Enter the foreign operations appropriations bill. Sen. Patrick J. Leahy (D-Vt.) tacked an amendment onto the $12.7 billion bill--which President Clinton ultimately vetoed yesterday--that would do much the same thing. Leahy's measure is more restrictive than Feingold's. Feingold would allow continued lending by the Export-Import Bank and the Overseas Private Investment Corp.; Leahy wouldn't.
The Indonesia sanctions measure also illustrates the law of unintended consequences. Feingold pegged his sanctions list to the the State Department's list of goods with military applications. Included on State's munitions list: commercial communications satellites. They were put there after the uproar in Congress over whether satellite companies inadvertently shared sensitive missile technology with China.
Now the satellite companies want to avoid becoming casualties of the East Timor conflict, and many lawmakers want to help. Lockheed Corp., for example, fears the bill would cut off a ground station it plans to use for a commercial satellite, and other communications satellites could be affected. Freeport-McMoRan Inc., a major copper and gold mining firm, is trying to polish its relations with the Indonesian government by also trying to get the Leahy and Feingold measures modified or dropped.

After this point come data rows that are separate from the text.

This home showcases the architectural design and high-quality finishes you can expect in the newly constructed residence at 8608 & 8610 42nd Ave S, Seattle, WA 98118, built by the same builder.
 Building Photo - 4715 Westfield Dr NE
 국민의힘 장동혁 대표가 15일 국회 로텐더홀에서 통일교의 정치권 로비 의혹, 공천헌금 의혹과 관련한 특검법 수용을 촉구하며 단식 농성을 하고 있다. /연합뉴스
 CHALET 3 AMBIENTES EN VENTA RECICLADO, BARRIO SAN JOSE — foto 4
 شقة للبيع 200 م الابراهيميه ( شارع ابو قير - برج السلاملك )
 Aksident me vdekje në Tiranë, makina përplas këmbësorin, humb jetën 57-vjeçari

The business community, which opposes nearly all sanctions, argues that more than self-interest is at stake. It says that with Indonesia's parliament about to pick a new president, students demonstrating, and civilian-military relations tense, it's a bad time to add new pressures.
"It struck us that this was not the most felicitous time to whack them with sanctions," said Dan O'Flaherty, vice president of the National Foreign Trade Council. "Indonesia is a very important country for business. It's not Burma. . . . China is all potential. In Indonesia, people really make a profit. The business stakes are high. The national security stakes are high. The foreign policy stakes are high."
EXHIBIT C: The billion-dollar question: Will Rep. Christopher H. Smith (R-N.J.) and other House members insist once again on attaching new anti-abortion conditions to the appropriations measure that would release funds to pay the United States' back dues to the United Nations? The restrictions would limit the funding of global organizations that seek to lobby for policies that permit abortions.
Helms and Sen. Joseph R. Biden Jr. (D-Del.) have backed language that President Clinton could sign, but the House leadership is still trying to find a way to satisfy its anti-abortion members.
U.S. Ambassador to the United Nations Richard C. Holbrooke has been spending one day a week in Washington trying to persuade lawmakers to pass a measure to pay the U.S. arrears.
"The House put in non-germane amendments about family planning that the president felt were not acceptable," said Holbrooke last Friday. "They are not related to the United Nations, not related to national security, and the linkage should be severed."